We aim to diagonalize \(\mathbf{P}\) and \(\mathbf{Q}\) simultaneously for the same reason explained in Section 3.2. The associated state space transformation is here denoted by \(\mathbf{T}\) defining the balanced state variable \(\mathbf{x}_b=\mathbf{T} x\) satisfying \[\tag{30} \begin{align}\tag{31} d\mathbf{x}_b(t)&=\mathbf{A}_b \mathbf{x}_b(t)dt+\sum_{i=1}^q \mathbf{N}_{i, b} \mathbf{x}_b(t) dw_i(t),\\ \tag{32} y(t) &= \mathbf{C}_b \mathbf{x}_b(t),\quad \mathbf{x}_b(0)=\mathbf{X}_{0, b} v, \quad t\in [0, T], \end{align}\] with the same output as 1 (\(u\equiv 0\)) and coefficients \[\begin{align} (\mathbf{A}_b, \mathbf{N}_{i, b}, \mathbf{C}_b, \mathbf{X}_{0, b}):=(\mathbf{T} A \mathbf{T}^{-1}, \mathbf{T} N_i \mathbf{T}^{-1},C\mathbf{T}^{-1}, \mathbf{T} X_0). \end{align}\] Given \(\mathbf{P}, \mathbf{Q}>0\), the balancing transformation \(\mathbf{T}\) exists and has exactly the same structure like \(T\) in Proposition 9. Just the underlying Gramians are different. The structure is identical because the Gramians of 30 are of the form \(\mathbf{P}_b= \mathbf{T}\mathbf{P}\mathbf{T}^\top\) and \(\mathbf{Q}_b=\mathbf{T}^{-\top}\mathbf{Q}\mathbf{T}^{-1}\) again. The only difference in the proof is that the result is here obtained by multiplying ?? by \(\mathbf{T}\) from the left and with \(\mathbf{T}^\top\) from the right. The same type of partition \[\mathbf{A}_b= \begin{bmatrix}{\mathbf{A}}_{11}& {\mathbf{A}}_{12}\\ {\mathbf{A}}_{21}& {\mathbf{A}}_{22}\end{bmatrix},\quad \mathbf{X}_{0, b} = \begin{bmatrix}{\mathbf{X}}_{0, 1}\\ {\mathbf{X}}_{0, 2}\end{bmatrix},\quad \mathbf{N}_{i, b}= \begin{bmatrix}{\mathbf{N}}_{i, 11}&{\mathbf{N}}_{i, 12} \\ {\mathbf{N}}_{i, 21}& {\mathbf{N}}_{i, 22}\end{bmatrix}, \quad \mathbf{C}_b= \begin{bmatrix}{\mathbf{C}}_1 & \mathbf{C}_2\end{bmatrix}\] like in 21 leads to the reduced system \[\tag{33} \begin{align}\tag{34} d\mathbf{x}_{\mathbf{r}}(t)&=\mathbf{A}_{11} \mathbf{x}_{\mathbf{r}}(t)dt+\sum_{i=1}^q \mathbf{N}_{i, 11} \mathbf{x}_{\mathbf{r}}(t)dw_i(t),\\ \tag{35} \mathbf{y}_{\mathbf{r}}(t) &= \mathbf{C}_1 \mathbf{x}_{\mathbf{r}}(t),\quad \mathbf{x}_{\mathbf{r}}(0)=\mathbf{X}_{0, 1}v, \quad t\in [0, T]. \end{align}\] Here, \(\mathbf{x}_{\mathbf{r}}(t)\in\mathbb{R}^{\mathbf{r}}\), where \(\mathbf{r}\) is the number of small HSVs \(\theta_i= \sqrt{\lambda_i(\mathbf{P} \mathbf{Q})}\). The dimension of the reduced matrices in 33 is accordingly.

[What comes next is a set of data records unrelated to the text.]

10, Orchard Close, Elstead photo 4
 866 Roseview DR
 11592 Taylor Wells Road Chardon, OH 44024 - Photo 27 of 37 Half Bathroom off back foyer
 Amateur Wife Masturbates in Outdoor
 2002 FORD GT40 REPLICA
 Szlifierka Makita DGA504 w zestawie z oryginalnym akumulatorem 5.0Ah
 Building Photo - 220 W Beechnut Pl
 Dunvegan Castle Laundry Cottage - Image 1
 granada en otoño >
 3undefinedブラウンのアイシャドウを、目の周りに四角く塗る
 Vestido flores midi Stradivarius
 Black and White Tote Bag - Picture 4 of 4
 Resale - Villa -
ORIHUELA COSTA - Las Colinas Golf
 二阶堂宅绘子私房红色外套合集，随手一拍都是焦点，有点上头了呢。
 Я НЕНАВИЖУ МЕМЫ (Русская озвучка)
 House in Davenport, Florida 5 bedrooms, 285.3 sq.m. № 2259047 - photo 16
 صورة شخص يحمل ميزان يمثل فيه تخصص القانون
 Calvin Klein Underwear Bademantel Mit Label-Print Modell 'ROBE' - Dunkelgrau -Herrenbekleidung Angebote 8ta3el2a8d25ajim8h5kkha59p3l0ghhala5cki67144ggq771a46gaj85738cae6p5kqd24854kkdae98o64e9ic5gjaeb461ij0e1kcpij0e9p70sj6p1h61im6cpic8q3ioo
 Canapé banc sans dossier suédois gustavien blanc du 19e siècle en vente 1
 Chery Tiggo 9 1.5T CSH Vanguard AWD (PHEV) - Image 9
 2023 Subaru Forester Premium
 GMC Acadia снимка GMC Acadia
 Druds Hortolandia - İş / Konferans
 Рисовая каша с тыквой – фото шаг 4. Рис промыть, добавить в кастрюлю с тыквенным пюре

Remark 16. It is interesting to notice that the model reduction procedure to lower the dimension of the initial state dynamics is less complex than the one for the dynamics of the control. This is due to the choice of Gramian in each scenario. If \(x_0=0\) but the control is present, the algorithm of Section 3 requires the computation of a solution \(P>0\) satisfying a linear matrix inequality ?? . The scheme in this section, where \(u\equiv 0\) and \(x_0\neq 0\), uses solutions \(\mathbf{P}\) and \(\mathbf{Q}\) of matrix equations ?? and ?? . Therefore, it is much easier to determine \(\mathbf{P}\) and \(\mathbf{Q}\). We refer to [20], [21] for potential strategies to solve such matrix equations.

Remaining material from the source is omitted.